### TASK TO COMPLETE
Output the records below again, precisely as they are written.

(Stored items from a collection)
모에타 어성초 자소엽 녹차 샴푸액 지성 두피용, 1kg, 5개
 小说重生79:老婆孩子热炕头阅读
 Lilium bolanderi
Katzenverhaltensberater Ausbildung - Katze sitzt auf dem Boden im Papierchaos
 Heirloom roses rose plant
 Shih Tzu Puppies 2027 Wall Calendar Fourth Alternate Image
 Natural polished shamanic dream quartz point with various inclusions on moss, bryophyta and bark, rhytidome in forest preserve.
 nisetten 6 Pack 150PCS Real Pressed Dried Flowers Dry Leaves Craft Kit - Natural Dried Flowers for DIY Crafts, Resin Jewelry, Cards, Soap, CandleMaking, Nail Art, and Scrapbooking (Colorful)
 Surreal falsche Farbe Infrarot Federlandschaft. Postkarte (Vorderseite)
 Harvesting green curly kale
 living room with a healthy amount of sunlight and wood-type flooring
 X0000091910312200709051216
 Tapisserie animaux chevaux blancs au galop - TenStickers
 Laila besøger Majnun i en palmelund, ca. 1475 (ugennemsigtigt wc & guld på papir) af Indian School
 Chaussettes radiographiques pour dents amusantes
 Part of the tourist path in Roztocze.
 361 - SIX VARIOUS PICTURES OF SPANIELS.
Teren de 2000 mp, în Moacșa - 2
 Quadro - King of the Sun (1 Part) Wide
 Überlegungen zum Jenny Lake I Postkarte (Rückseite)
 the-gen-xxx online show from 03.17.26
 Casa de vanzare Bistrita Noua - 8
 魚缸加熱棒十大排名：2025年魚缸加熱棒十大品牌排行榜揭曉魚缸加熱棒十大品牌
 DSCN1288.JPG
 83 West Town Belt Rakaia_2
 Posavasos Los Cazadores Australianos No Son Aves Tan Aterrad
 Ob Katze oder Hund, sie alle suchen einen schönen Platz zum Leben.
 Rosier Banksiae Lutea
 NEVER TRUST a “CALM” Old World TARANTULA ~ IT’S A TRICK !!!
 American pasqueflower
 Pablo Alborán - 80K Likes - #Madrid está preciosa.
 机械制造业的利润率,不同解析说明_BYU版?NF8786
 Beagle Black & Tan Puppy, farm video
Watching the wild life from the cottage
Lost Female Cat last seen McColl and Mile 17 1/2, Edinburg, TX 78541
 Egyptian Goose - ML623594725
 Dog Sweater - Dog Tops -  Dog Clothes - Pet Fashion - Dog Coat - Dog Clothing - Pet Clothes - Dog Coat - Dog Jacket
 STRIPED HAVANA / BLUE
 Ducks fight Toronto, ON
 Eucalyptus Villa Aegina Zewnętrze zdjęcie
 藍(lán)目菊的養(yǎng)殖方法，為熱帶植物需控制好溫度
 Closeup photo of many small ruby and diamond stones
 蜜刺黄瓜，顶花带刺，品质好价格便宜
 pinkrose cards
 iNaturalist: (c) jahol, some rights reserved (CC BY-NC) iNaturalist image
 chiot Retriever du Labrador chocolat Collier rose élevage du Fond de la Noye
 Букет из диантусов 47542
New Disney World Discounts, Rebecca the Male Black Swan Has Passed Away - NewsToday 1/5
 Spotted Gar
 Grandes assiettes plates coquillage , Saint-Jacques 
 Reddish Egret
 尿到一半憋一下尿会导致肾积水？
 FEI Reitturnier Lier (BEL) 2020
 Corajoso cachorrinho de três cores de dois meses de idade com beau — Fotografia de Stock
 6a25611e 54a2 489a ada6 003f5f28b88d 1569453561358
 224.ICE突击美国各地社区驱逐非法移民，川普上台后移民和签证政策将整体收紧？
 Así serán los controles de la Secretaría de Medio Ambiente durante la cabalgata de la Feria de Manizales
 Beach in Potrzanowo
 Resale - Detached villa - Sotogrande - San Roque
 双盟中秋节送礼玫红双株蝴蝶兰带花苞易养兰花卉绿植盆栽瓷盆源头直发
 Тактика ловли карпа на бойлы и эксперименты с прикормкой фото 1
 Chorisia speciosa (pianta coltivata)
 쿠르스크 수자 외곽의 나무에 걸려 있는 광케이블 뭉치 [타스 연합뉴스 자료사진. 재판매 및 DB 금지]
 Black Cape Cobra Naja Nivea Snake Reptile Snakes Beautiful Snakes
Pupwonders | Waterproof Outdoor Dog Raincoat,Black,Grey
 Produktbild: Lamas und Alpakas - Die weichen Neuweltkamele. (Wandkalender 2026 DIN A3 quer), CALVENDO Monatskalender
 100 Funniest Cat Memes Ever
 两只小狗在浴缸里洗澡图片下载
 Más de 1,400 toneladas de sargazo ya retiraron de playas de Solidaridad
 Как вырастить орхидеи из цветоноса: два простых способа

### OUTPUT FOR THIS TASK
모에타 어성초 자소엽 녹차 샴푸액 지성 두피용, 1kg, 5개
 小说重生79:老婆孩子热炕头阅读
 Lilium bolanderi
Katzenverhaltensberater Ausbildung - Katze sitzt auf dem Boden im Papierchaos
 Heirloom roses rose plant
 Shih Tzu Puppies 2027 Wall Calendar Fourth Alternate Image
 Natural polished shamanic dream quartz point with various inclusions on moss, bryophyta and bark, rhytidome in forest preserve.
 nisetten 6 Pack 150PCS Real Pressed Dried Flowers Dry Leaves Craft Kit - Natural Dried Flowers for DIY Crafts, Resin Jewelry, Cards, Soap, CandleMaking, Nail Art, and Scrapbooking (Colorful)
 Surreal falsche Farbe Infrarot Federlandschaft. Postkarte (Vorderseite)
 Harvesting green curly kale
 living room with a healthy amount of sunlight and wood-type flooring
 X0000091910312200709051216
 Tapisserie animaux chevaux blancs au galop - TenStickers
 Laila besøger Majnun i en palmelund, ca. 1475 (ugennemsigtigt wc & guld på papir) af Indian School
 Chaussettes radiographiques pour dents amusantes
 Part of the tourist path in Roztocze.
 361 - SIX VARIOUS PICTURES OF SPANIELS.
Teren de 2000 mp, în Moacșa - 2
 Quadro - King of the Sun (1 Part) Wide
 Überlegungen zum Jenny Lake I Postkarte (Rückseite)
 the-gen-xxx online show from 03.17.26
 Casa de vanzare Bistrita Noua - 8
 魚缸加熱棒十大排名：2025年魚缸加熱棒十大品牌排行榜揭曉魚缸加熱棒十大品牌
 DSCN1288.JPG
 83 West Town Belt Rakaia_2
 Posavasos Los Cazadores Australianos No Son Aves Tan Aterrad
 Ob Katze oder Hund, sie alle suchen einen schönen Platz zum Leben.
 Rosier Banksiae Lutea
 NEVER TRUST a “CALM” Old World TARANTULA ~ IT’S A TRICK !!!
 American pasqueflower
 Pablo Alborán - 80K Likes - #Madrid está preciosa.
 机械制造业的利润率,不同解析说明_BYU版?NF8786
 Beagle Black & Tan Puppy, farm video
Watching the wild life from the cottage
Lost Female Cat last seen McColl and Mile 17 1/2, Edinburg, TX 78541
 Egyptian Goose - ML623594725
 Dog Sweater - Dog Tops -  Dog Clothes - Pet Fashion - Dog Coat - Dog Clothing - Pet Clothes - Dog Coat - Dog Jacket
 STRIPED HAVANA / BLUE
 Ducks fight Toronto, ON
 Eucalyptus Villa Aegina Zewnętrze zdjęcie
 藍(lán)目菊的養(yǎng)殖方法，為熱帶植物需控制好溫度
 Closeup photo of many small ruby and diamond stones
 蜜刺黄瓜，顶花带刺，品质好价格便宜
 pinkrose cards
 iNaturalist: (c) jahol, some rights reserved (CC BY-NC) iNaturalist image
 chiot Retriever du Labrador chocolat Collier rose élevage du Fond de la Noye
 Букет из диантусов 47542
New Disney World Discounts, Rebecca the Male Black Swan Has Passed Away - NewsToday 1/5
 Spotted Gar
 Grandes assiettes plates coquillage , Saint-Jacques 
 Reddish Egret
 尿到一半憋一下尿会导致肾积水？
 FEI Reitturnier Lier (BEL) 2020
 Corajoso cachorrinho de três cores de dois meses de idade com beau — Fotografia de Stock
 6a25611e 54a2 489a ada6 003f5f28b88d 1569453561358
 224.ICE突击美国各地社区驱逐非法移民，川普上台后移民和签证政策将整体收紧？
 Así serán los controles de la Secretaría de Medio Ambiente durante la cabalgata de la Feria de Manizales
 Beach in Potrzanowo
 Resale - Detached villa - Sotogrande - San Roque
 双盟中秋节送礼玫红双株蝴蝶兰带花苞易养兰花卉绿植盆栽瓷盆源头直发
 Тактика ловли карпа на бойлы и эксперименты с прикормкой фото 1
 Chorisia speciosa (pianta coltivata)
 쿠르스크 수자 외곽의 나무에 걸려 있는 광케이블 뭉치 [타스 연합뉴스 자료사진. 재판매 및 DB 금지]
 Black Cape Cobra Naja Nivea Snake Reptile Snakes Beautiful Snakes
Pupwonders | Waterproof Outdoor Dog Raincoat,Black,Grey
 Produktbild: Lamas und Alpakas - Die weichen Neuweltkamele. (Wandkalender 2026 DIN A3 quer), CALVENDO Monatskalender
 100 Funniest Cat Memes Ever
 两只小狗在浴缸里洗澡图片下载
 Más de 1,400 toneladas de sargazo ya retiraron de playas de Solidaridad
 Как вырастить орхидеи из цветоноса: два простых способа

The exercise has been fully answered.